The colder weather of January has meant one major change for me:  I am spending more time on my couch in front of the T.V.  With this change, I have adopted a couple of new truths.  The first is that extra time spent lolling about on my sofa will in no way inhibit my ability to wear a swimsuit this summer without frightening small children on the beach.  The second is that T.V. commercials are an accurate depiction of society filled with gems of wisdom that must be followed.  So far, T.V. commercials have taught me that:

  1. Every single person in America, women and men, want to lose weight and will pay nearly any amount for that to happen, especially if the program or pill that promises the slender dream requires little or no effort from the Fatty McFatterson’s of the world.  Apparently, if I want to look good in my swimsuit come this June, all I have to do is sign up for Weight Watchers, Jenny Craig, Nutrisystem, or South Beach Diet.  I could sprinkle Sensa on the chocolate covered pretzels in front of me.  Or I could take Alli, SlimQuick, or Dexatrim.  According to the T.V., what I don’t have to do is get off my couch, stop watching T.V., or stop eating the pretzels.  Oh, and if I do miraculously lose the weight I need to lose, I must buy a string bikini, get a boob job, and pose for my “after” shot with my new boobs sticking up in the air and my hip cocked out to the side while sucking in my abdomen as tightly as I can.

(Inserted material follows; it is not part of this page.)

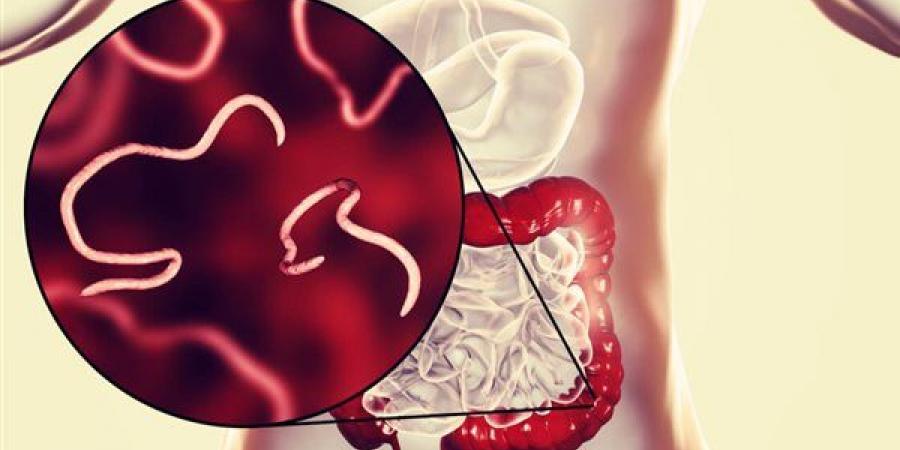 مشروبات طبيعية تساعد في علاج الديدان المعوية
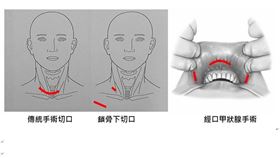 0410甲狀腺手術(劉紹正提供)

  2. Christianity is the only faith that will help you find a soul mate.  Don’t believe me?  Please see christianmingle.com.  Jews, Muslims, Buddhists, Hindus, and all other non-Christian faiths are out of luck.  Apparently, God doesn’t want to “find a match for you.”
  3. Every drug you could possibly take has with it a possible side effect of death.  Looking for relief from your fibromyalgia, erectile dysfunction, asthma, high blood pressure, COPD, heart burn, acid reflux, restless leg syndrome, or mild to moderate depression?  Lucky for you, the T.V. knows which pill you should take.  You just better be willing to risk your life for it!

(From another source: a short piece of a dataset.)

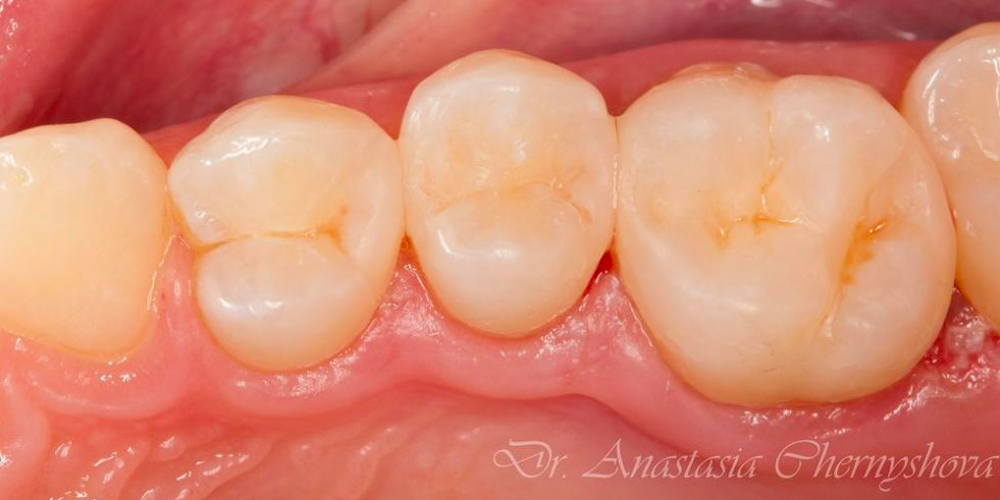  Лечение кариеса трех зубов подряд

  4. Real men only eat greasy cheeseburgers.  If you are a man and eat, very loudly might I add, anything other than greasy cheeseburgers while watching models eat greasy cheeseburgers then you are not a real man.  Back away from the healthy entrée and smear some ketchup on your face!  Now you look like a real man.
  5. Women are only concerned with things that belong in bathrooms.  We as women need to “get real about what happens in the bathroom” and seriously consider what toilet paper we use, if a specific tampon brand will or will not help us win a marathon, what product will make little Timmy stop peeing on himself, and which cleaning product is best when little Timmy decides to pee on the walls.  Men are not concerned with what happens in the bathroom.  The men are still eating their cheeseburgers.
  6. Finally, the right cereal will change your life.  According to the talking flat screen on my wall, the right cereal will give you a day’s worth of fiber, help you lose weight and maintain a healthy weight at the same time, lower your cholesterol, and provide you with all the energy you need to conquer the day.  Wow!  All that from one bowl of cereal?  Amazing!

Perhaps both of my new truths are wrong.  Is it possible T.V. commercials provide no wisdom or helpful guidance whatsoever?  Should I turn off the T.V. and get off this couch before my butt grows 2 sizes?  Maybe.  But then again, maybe a commercial will tell me what to do.